Last week, the North American Electric Reliability Corp. (NERC) issued its 2021–2022 Winter Reliability Assessment. The findings were sobering.

According to Power Magazine:

[The report] warned that much of the central U.S.—a region that stretches from the Great Lakes into southern Texas—may face critical power deficiencies during extreme winter weather conditions over the next three months. Natural gas supply disruptions and low hydropower conditions could also imperil power reliability in New England and the West. 

NERC also called on grid operators to prepare and implement cold weather operating plans, conduct drills, and poll generators for fuel and availability status. Load-serving entities should review critical loads to prevent disruptions, and regulators should support requested environmental waivers, it said.

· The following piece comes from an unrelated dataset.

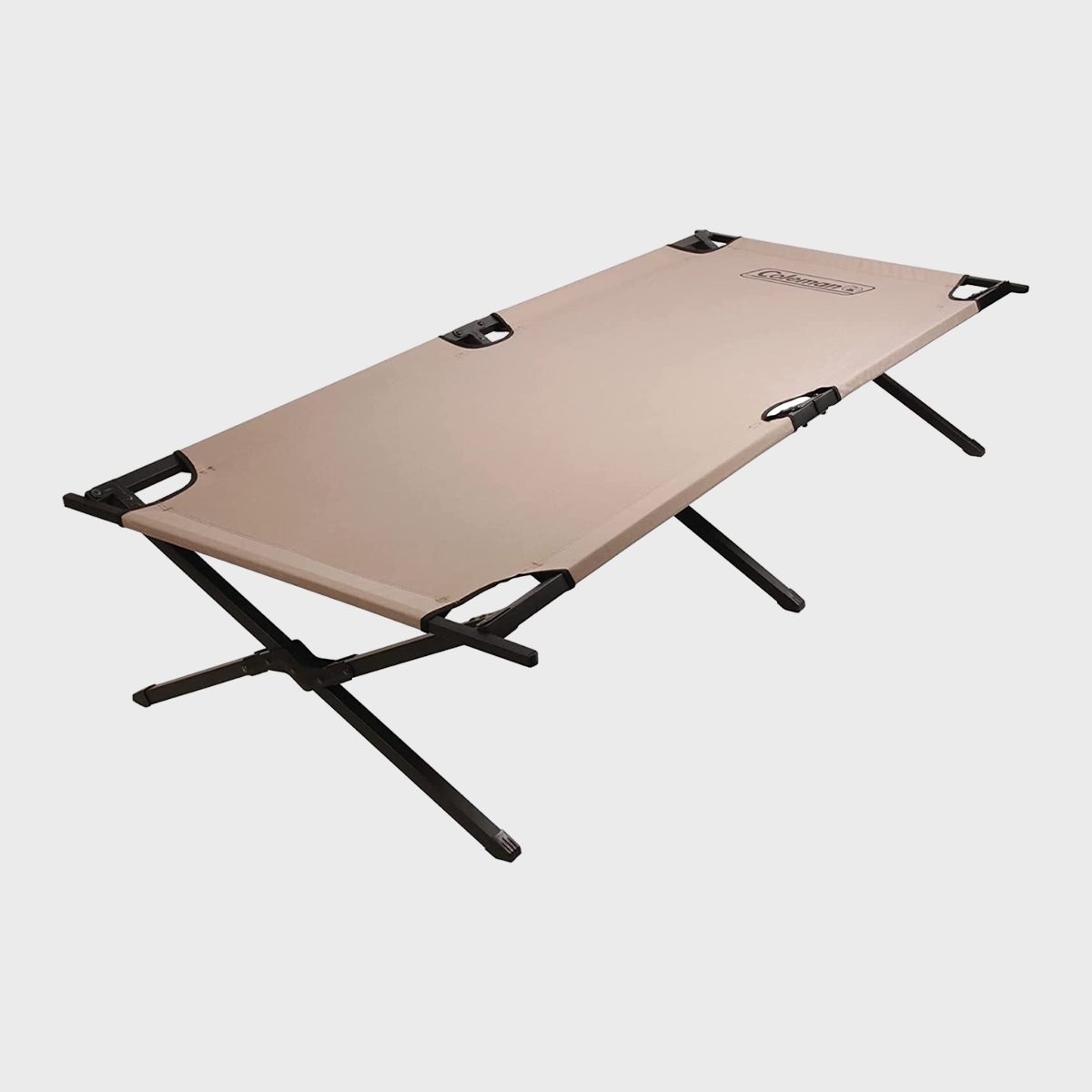 Cot unfolds in a frame with beige fabric, set in a simple indoor environment.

The ERO’s dire report echoes its May-issued summer assessment, when it warned of “elevated risks” for energy emergencies in Texas, New England, in the Midcontinent Independent System Operator (MISO) territory, and parts of the West.

In its bulk power system (BPS) reliability assessment for the next three months—December 2021 through February 2022—NERC suggests extreme weather risks, including soaring peak demand or generator outages that exceed forecasts, “can be expected to cause energy emergencies” in regions that have previously suffered cold-weather reliability debacles. These include MISO, the Southwest Power Pool (SPP), and the Electric Reliability Council of Texas (ERCOT).

Grid operators and reliability organizations have been warning of eroding reliability of the electric grid for years.

This is even true in California, where the California Indepedent Systems Operator (CAISO) has warned of looming capacity shortfalls, only to be ignored by politicians who wanted to shut down reliable power plants in favor of building more wind and solar power. Unforunately, these warnings are almost always ignored, and we may pay the price this winter.